It is clear that most of the analytes are separated in the first dimension, requiring additional selectivity in a few cases, one of which is highlighted on the chromatogram and shown in the inset. The moderately polar second-dimension column provided some of the needed separation power but not all. There remain a few significant coelutions, shown by the inset, a portion of the overall chromatogram showing the separation of several compounds. This second-dimension separation is, however, highly efficient, with overall peak widths about 100 ms.
To obtain the additional selectivity needed to more fully separate all of the analytes, the second-dimension column was changed to a polyethylene glycol–based stationary phase, Rtx-WAX. This provided significantly different chemistry between the two dimensions, giving a more truly orthogonal separation. A chromatogram showing the especially important Class 2 solvents, again dissolved at 1000 ppm in methanol, is shown in Figure 4. Note the dramatic difference in the peak locations in the second dimension. The polyethylene glycol–based second-dimension stationary phase is much more strongly retaining the more polar analytes and weakly retaining the less polar and nonpolar analytes.
Several characteristics of this chromatogram demonstrate the unique separating power of GC×GC. First, the solvent peak, methanol is seen in the upper left corner of the chromatogram, fully separated from other analytes. The slight tail seen in the first dimension as a shadow extending to the right of the main peak does not interfere with other peaks. This allows the potential use of more common (such as traditional high performance liquid chromatography [HPLC]) solvents such as methanol as the diluent for residual solvent analysis, rather than the currently recommended higher-boiling dimethyl sulfoxide (DMSO) and others, which often contain impurities or decompose, causing interferences in the traditional methods. Second, the selectivity criterion for system suitability in USP <467>, resolution of acetonitrile and methylene chloride (dicholoromethane) not less than 1.0 is more than amply met in the two-dimensional separation.
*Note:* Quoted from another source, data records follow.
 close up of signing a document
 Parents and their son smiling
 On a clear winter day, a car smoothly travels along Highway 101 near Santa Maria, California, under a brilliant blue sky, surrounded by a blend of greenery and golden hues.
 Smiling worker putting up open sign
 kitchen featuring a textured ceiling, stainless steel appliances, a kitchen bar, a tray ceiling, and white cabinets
These two are well separated in both dimensions, with Rs about 3 in the first dimension and about 12 in the second, as shown in the highlighted inset. Finally, at the later retention times, the column bleed commonly associated with most capillary columns is clearly separated in the second dimension from several analyte peaks. In a traditional one-dimensional separation, the analyte peaks would have been coeluted with the column bleed, causing potential problems with quantitation.
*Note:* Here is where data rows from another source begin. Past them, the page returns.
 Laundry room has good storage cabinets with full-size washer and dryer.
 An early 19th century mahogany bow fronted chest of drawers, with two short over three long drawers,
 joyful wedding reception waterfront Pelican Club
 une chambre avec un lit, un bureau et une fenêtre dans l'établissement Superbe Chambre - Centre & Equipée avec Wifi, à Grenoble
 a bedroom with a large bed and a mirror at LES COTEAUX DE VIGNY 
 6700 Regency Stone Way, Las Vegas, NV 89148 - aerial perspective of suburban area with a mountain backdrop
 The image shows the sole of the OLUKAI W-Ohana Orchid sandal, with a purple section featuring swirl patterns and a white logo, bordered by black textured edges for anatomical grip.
Figure 5 shows a chromatogram of 57 Class 1, 2, and 3 solvents using the polar second-dimension column with the conditions described previously. The analytes are clearly separated. A few compounds, most notably acetic acid, formic acid, ethylene glycol, and formamide, which are known to often present difficulties in routine GC analysis were not included as these peaks tailed across the entire second dimension. The added selectivity obtained using the two-dimensional separation is critical at the early retention times. Especially in Class 3, many of the compounds are polar small molecules that are not strongly retained on the nonpolar first-dimension column; the polar second-dimension column greatly facilitates their resolution, as seen in the inset. It is clear that GC×GC has the resolving power to separate the pharmaceutical solvents in a single injection, allowing generic method development in most cases. GC×GC can also potentially perform all three steps, identification, confirmation and quantitation, required in the newest release of USP <467> in a single analysis. Depending upon the circumstances of the analysis, these three steps could require three separate injections on two columns with orthogonal chemistry; GC×GC includes both columns in a single analysis. Further, GC×GC can perform many of the additional GC analyses required within individual USP or EP monographs.
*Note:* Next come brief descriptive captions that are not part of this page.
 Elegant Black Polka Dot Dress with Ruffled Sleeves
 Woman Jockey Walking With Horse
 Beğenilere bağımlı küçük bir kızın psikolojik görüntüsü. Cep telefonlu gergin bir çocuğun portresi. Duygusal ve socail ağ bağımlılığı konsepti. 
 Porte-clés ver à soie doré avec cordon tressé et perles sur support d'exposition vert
GC×GC was used to resolve solvents commonly found in pharmaceuticals and listed in the three solvent classes by the International Conference on Harmonization and the United States Pharmacopeia. A total of 57 class 1, 2, and 3 compounds was fully resolved in a 30-min run time using a 5% phenyl polydimethyl siloxane first-dimension column and a polyethylene glycol second-dimension column with methanol as diluent. GC×GC opens several interesting possibilities including alternative and more convenient diluents, improved direct injection methods and improved analysis time for generic comprehensive methods. The improved resolving power and combined orthogonal analyses on two columns into a single run make GC×GC an ideal choice for generic method development in residual solvents analysis.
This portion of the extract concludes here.